Exercise data:
[Start of section]
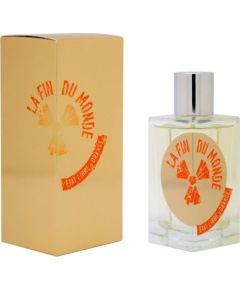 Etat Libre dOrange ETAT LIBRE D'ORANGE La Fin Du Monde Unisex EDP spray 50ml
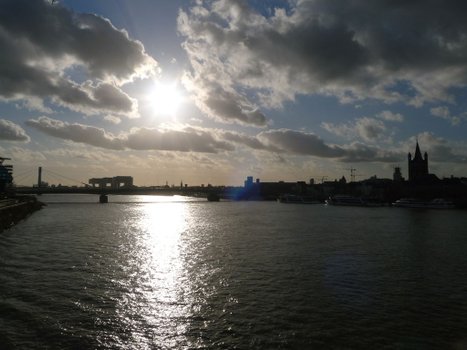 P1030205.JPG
[End of section]
[Start of section]
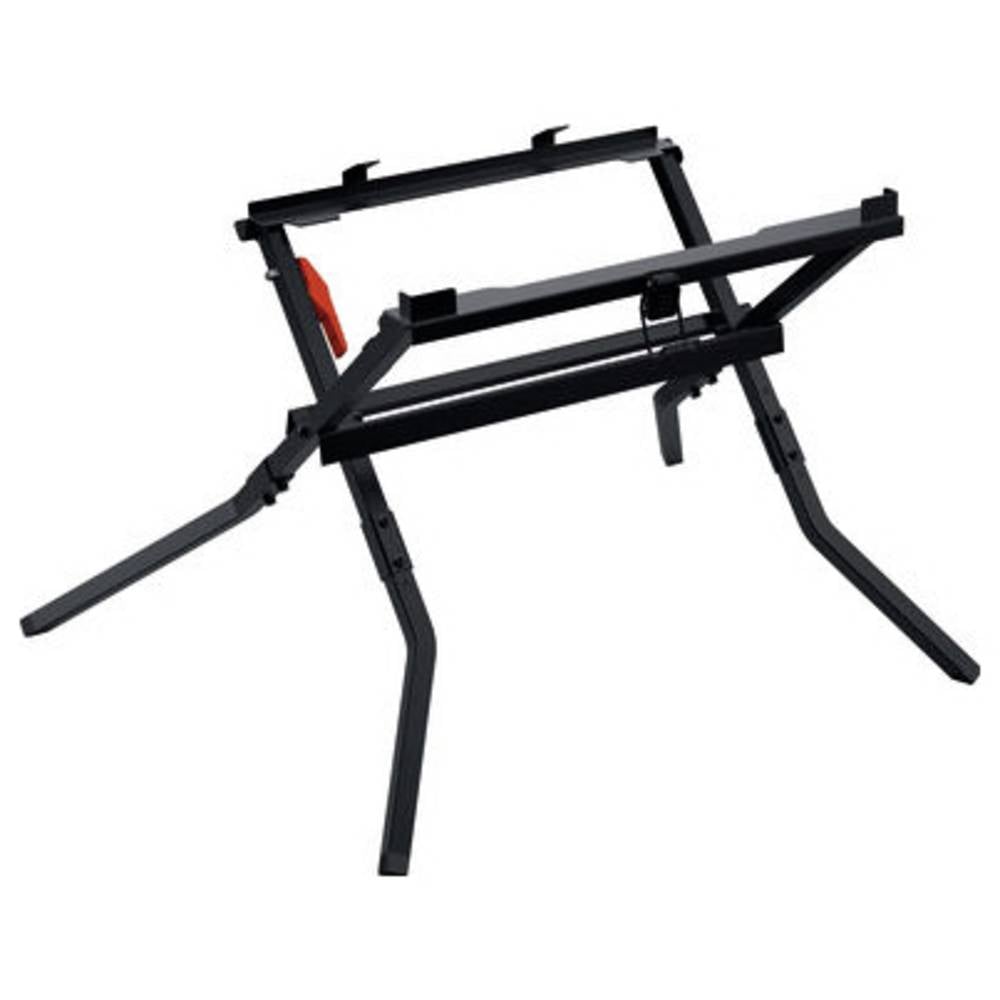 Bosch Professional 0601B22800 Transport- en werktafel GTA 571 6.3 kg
[End of section]
[Start of section]
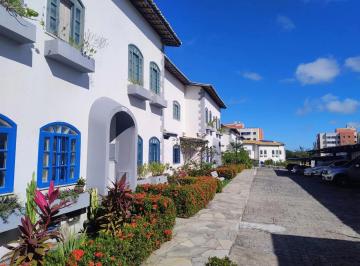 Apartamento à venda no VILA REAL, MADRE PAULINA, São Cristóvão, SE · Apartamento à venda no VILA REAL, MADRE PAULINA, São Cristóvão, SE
[End of section]
Try it:
Only one stretch of the listing is wanted: the lines starting at the one with "Etat Libre dOrange" and ending at the one with "P1030205.JPG", copied exactly and free of pictures.

Task output:
 Etat Libre dOrange ETAT LIBRE D'ORANGE La Fin Du Monde Unisex EDP spray 50ml
 P1030205.JPG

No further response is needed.